**Problem to work on:** Using the entries that follow, give the number of lines containing the string "bone". Write nothing besides that number.
<<<<
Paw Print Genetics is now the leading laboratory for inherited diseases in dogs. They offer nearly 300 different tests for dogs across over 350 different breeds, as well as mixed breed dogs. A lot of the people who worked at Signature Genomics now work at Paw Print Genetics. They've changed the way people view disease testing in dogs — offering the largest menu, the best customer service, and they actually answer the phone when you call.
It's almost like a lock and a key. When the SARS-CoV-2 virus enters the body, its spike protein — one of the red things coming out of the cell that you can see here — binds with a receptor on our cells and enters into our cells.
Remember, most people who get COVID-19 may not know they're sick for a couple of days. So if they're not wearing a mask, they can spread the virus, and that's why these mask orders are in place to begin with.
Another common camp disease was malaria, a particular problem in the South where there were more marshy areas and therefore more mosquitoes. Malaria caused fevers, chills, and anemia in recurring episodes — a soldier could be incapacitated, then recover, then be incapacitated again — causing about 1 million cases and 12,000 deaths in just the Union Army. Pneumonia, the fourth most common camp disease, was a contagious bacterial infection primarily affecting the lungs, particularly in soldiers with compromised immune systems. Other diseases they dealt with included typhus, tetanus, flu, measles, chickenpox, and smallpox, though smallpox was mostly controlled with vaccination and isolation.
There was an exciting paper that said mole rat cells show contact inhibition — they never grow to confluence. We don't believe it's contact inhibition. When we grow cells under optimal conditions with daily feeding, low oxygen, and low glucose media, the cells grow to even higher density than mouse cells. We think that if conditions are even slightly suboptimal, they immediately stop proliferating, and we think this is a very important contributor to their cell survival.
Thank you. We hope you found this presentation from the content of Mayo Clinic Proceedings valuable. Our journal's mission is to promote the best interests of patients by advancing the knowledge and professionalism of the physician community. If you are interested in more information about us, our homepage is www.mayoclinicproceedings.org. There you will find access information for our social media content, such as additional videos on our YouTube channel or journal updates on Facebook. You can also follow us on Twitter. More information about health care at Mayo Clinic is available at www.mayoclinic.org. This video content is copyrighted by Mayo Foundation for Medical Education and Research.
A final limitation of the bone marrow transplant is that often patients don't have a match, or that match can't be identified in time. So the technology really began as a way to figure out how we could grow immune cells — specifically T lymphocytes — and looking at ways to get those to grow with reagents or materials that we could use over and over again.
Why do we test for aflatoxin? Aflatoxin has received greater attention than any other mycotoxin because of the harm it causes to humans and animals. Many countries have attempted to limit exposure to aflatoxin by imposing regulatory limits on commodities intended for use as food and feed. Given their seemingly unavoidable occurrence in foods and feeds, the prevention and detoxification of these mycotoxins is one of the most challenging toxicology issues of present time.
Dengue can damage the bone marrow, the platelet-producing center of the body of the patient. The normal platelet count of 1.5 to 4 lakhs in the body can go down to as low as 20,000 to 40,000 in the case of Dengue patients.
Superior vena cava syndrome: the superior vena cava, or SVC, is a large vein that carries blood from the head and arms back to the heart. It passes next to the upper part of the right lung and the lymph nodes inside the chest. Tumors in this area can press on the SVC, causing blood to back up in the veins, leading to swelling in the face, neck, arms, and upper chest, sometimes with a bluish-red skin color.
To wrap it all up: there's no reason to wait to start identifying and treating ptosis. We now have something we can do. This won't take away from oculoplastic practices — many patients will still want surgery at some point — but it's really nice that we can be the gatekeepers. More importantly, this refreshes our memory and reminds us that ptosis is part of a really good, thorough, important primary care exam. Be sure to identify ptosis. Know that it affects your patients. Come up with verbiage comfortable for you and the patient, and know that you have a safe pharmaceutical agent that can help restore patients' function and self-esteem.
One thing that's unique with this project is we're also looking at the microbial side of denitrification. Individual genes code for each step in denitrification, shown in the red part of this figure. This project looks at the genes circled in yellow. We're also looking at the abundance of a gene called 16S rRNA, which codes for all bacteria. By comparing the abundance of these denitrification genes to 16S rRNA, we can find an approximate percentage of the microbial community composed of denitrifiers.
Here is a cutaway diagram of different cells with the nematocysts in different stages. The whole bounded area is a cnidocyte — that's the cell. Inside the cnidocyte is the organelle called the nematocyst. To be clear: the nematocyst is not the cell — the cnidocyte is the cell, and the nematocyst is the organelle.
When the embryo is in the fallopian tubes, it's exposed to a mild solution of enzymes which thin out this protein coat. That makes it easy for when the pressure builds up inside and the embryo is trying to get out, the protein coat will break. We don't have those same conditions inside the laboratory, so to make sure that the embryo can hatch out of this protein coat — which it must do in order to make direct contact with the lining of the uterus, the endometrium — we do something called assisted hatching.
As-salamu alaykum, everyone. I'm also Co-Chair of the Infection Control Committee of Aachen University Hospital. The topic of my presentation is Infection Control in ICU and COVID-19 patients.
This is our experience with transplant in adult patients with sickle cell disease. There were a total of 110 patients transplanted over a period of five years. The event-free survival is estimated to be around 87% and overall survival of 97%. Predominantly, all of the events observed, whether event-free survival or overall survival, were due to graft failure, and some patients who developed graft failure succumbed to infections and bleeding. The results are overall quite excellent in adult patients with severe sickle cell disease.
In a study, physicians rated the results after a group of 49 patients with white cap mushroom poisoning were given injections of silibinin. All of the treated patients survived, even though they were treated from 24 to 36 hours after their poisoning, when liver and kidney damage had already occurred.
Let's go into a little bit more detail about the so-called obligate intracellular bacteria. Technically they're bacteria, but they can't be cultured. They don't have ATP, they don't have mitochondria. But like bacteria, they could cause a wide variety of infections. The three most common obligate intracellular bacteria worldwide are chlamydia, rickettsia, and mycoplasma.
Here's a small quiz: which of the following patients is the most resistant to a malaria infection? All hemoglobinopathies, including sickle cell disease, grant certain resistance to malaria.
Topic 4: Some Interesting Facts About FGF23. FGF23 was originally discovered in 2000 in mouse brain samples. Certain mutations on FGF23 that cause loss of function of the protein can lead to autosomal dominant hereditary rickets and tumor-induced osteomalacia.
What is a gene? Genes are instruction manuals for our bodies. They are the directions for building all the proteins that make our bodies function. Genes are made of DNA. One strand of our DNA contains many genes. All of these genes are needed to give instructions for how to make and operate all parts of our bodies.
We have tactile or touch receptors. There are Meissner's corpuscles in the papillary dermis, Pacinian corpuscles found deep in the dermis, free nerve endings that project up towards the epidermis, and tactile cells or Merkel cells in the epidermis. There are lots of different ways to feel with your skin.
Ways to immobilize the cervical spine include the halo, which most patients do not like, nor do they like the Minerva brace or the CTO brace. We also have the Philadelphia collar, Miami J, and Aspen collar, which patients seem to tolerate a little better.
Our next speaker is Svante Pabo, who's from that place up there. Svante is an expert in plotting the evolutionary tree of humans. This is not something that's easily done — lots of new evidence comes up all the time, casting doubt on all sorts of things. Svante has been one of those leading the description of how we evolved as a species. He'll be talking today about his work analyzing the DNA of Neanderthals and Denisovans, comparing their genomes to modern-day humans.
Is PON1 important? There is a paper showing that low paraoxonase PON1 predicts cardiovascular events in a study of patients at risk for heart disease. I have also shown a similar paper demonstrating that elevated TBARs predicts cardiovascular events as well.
>>>>
**Your solution:** 2